Beginning at the line that contains "Mega Charizard Y" and finishing at the line that contains "Penn & Ink polo blouse maat 42 donker blauw", output the data below exactly. Include both end lines and no pictures.

Given records.
====

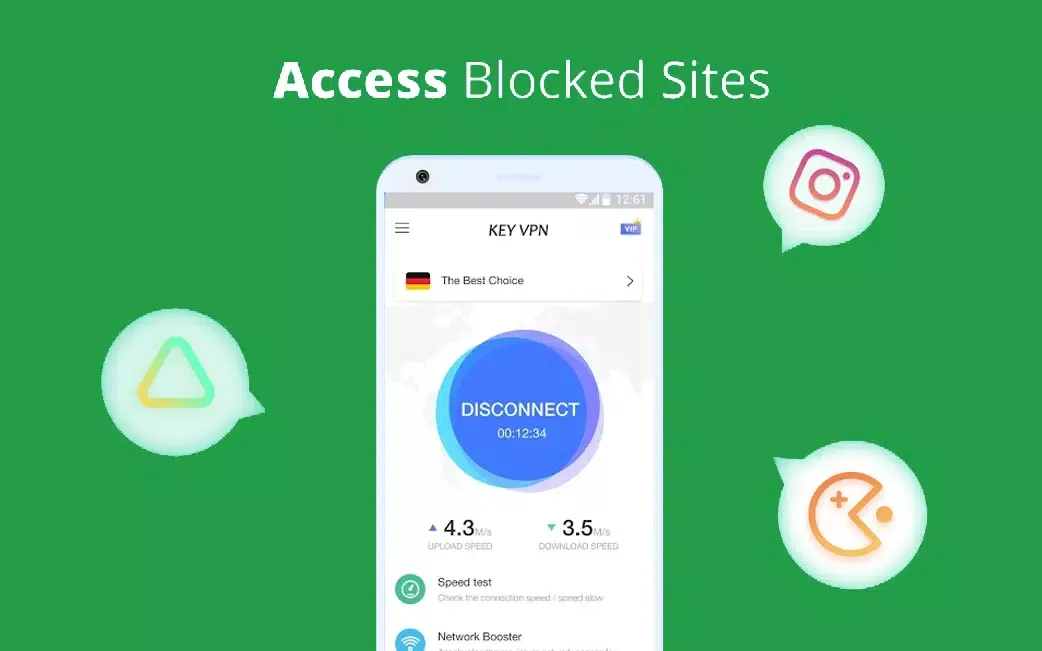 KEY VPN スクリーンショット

====

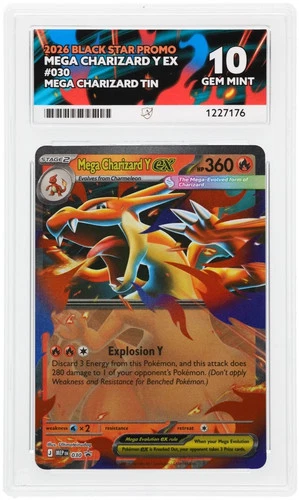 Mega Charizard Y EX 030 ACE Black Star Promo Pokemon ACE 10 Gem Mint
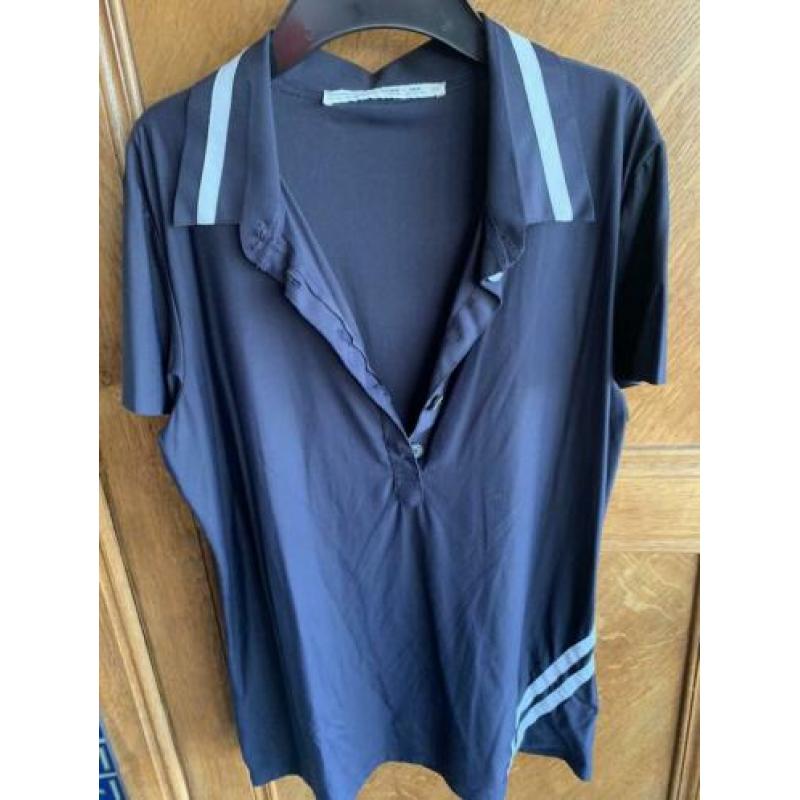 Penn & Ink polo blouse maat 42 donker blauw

====

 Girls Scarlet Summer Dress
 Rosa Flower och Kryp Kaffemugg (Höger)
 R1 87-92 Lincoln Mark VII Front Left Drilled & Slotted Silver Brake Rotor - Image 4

====

Task answer.
 Mega Charizard Y EX 030 ACE Black Star Promo Pokemon ACE 10 Gem Mint
 Penn & Ink polo blouse maat 42 donker blauw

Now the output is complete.